- Data shown
--*--
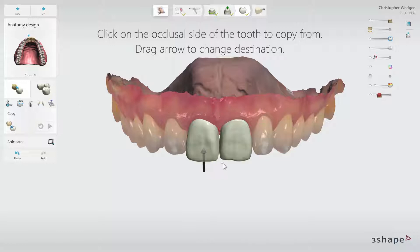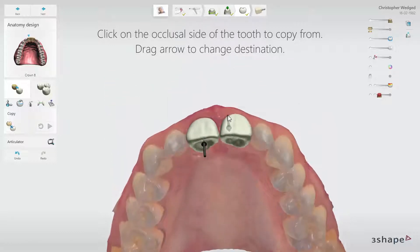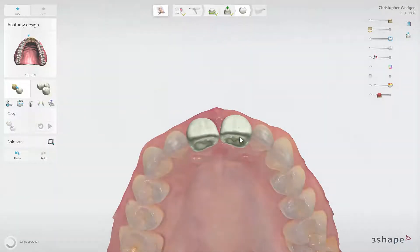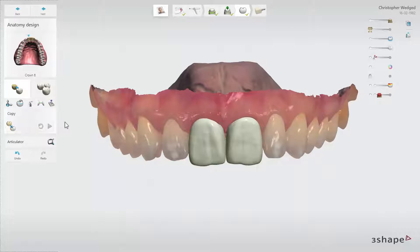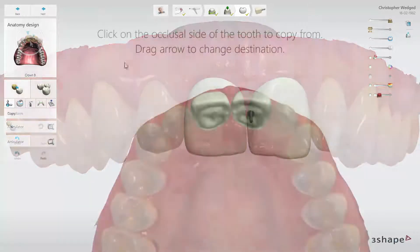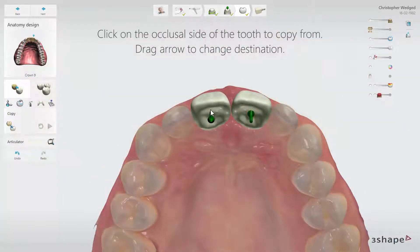Move the black arrow over the incisal edge and click it. Once you do that, the design will be copied immediately. To select the tooth that you wish to copy to, click on the tooth or choose it in the tooth selector. You can also change this by dragging the arrow between the teeth.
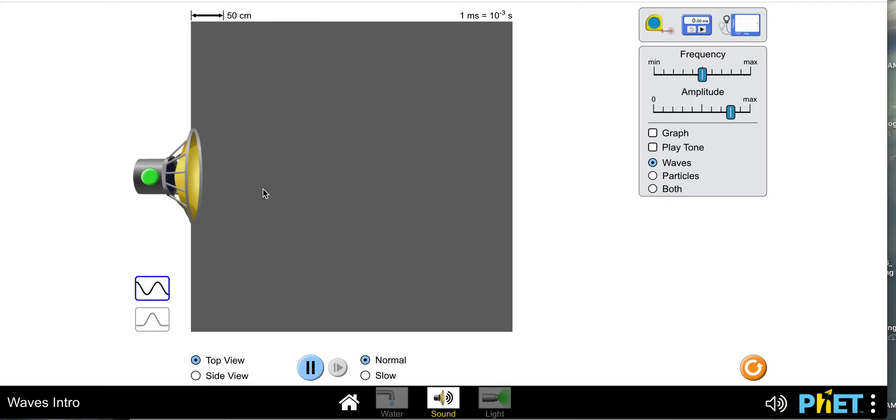Hey party people. We're going to go over how to measure the frequency and the wavelength of a sound wave in this PhET simulation.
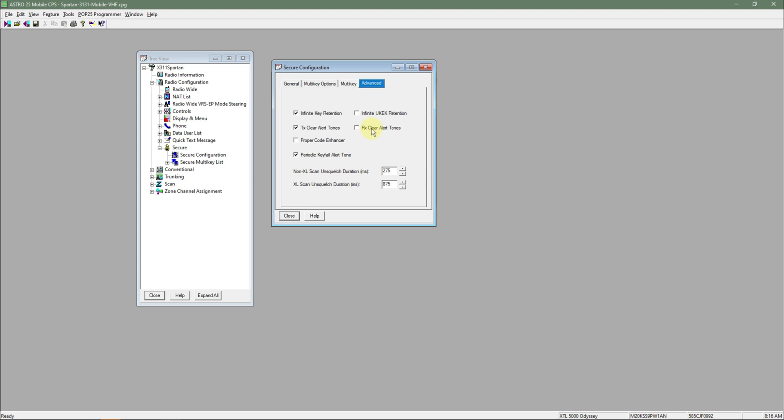But that's basically it. If you want to know if the receiving audio is in the clear, you hit that RX box. If you want the radio to emit a single beep when you key up in the clear, you hit that TX box.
--*--
- Requirement
Would you return the whole listing above exactly as written, skipping any image?

- Exercise solution
Move the black arrow over the incisal edge and click it. Once you do that, the design will be copied immediately. To select the tooth that you wish to copy to, click on the tooth or choose it in the tooth selector. You can also change this by dragging the arrow between the teeth.
Hey party people. We're going to go over how to measure the frequency and the wavelength of a sound wave in this PhET simulation.
But that's basically it. If you want to know if the receiving audio is in the clear, you hit that RX box. If you want the radio to emit a single beep when you key up in the clear, you hit that TX box.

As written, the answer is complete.